── Input records
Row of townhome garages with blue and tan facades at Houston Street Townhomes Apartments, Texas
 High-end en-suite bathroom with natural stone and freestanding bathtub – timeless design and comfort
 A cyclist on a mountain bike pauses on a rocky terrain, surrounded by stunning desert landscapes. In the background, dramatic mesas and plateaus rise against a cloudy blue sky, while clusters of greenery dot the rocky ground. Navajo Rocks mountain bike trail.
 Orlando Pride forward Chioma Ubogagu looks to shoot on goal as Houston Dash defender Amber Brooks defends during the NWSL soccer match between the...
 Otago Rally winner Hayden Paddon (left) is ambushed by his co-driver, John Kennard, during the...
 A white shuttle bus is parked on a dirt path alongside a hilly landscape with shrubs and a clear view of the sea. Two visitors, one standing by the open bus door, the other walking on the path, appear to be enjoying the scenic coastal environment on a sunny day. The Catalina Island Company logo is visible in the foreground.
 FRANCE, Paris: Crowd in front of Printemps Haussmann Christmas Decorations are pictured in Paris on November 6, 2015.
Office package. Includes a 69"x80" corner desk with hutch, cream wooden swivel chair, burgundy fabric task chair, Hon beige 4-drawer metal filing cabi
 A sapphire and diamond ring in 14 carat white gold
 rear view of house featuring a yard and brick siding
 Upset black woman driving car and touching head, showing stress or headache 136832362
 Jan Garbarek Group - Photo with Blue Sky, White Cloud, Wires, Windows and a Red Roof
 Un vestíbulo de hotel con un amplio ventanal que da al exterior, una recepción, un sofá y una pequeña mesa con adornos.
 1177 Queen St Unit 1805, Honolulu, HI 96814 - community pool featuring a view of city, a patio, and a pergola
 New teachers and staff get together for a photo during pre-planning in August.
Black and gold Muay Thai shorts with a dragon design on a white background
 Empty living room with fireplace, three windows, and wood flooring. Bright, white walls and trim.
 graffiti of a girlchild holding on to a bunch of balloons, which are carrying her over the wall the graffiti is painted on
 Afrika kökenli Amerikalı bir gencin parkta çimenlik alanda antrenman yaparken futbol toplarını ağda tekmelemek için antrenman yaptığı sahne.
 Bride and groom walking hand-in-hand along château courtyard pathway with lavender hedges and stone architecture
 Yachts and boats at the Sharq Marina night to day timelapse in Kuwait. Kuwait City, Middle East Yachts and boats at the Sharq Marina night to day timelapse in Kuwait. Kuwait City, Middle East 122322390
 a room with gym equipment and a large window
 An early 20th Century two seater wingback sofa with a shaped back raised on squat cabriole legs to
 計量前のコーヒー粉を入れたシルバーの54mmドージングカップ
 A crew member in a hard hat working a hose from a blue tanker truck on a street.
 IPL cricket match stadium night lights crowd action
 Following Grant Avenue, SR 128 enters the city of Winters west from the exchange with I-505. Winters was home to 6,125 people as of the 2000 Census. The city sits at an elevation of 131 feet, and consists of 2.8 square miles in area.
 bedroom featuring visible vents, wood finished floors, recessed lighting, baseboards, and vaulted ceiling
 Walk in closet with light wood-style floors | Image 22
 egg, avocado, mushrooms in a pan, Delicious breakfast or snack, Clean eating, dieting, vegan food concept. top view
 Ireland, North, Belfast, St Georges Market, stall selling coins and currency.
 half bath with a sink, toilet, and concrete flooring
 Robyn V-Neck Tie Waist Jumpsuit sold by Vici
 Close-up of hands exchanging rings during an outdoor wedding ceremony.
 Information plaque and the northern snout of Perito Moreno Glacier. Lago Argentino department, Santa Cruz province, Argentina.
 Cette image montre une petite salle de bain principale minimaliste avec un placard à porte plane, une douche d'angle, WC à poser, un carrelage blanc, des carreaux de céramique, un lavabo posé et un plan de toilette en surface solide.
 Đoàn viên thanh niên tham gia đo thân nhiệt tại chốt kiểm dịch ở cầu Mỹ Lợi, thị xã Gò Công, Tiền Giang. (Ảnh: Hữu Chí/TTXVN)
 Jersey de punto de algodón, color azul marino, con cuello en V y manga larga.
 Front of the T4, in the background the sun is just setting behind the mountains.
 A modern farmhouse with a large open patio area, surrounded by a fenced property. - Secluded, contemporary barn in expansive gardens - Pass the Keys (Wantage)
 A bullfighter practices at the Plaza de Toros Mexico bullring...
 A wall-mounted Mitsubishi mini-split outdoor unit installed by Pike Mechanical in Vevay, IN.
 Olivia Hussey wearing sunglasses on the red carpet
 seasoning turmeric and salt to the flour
────
What you are asked to do = If a line in the records above has the word "from", copy it out.

Solution for this exercise =
 A crew member in a hard hat working a hose from a blue tanker truck on a street.
 Following Grant Avenue, SR 128 enters the city of Winters west from the exchange with I-505. Winters was home to 6,125 people as of the 2000 Census. The city sits at an elevation of 131 feet, and consists of 2.8 square miles in area.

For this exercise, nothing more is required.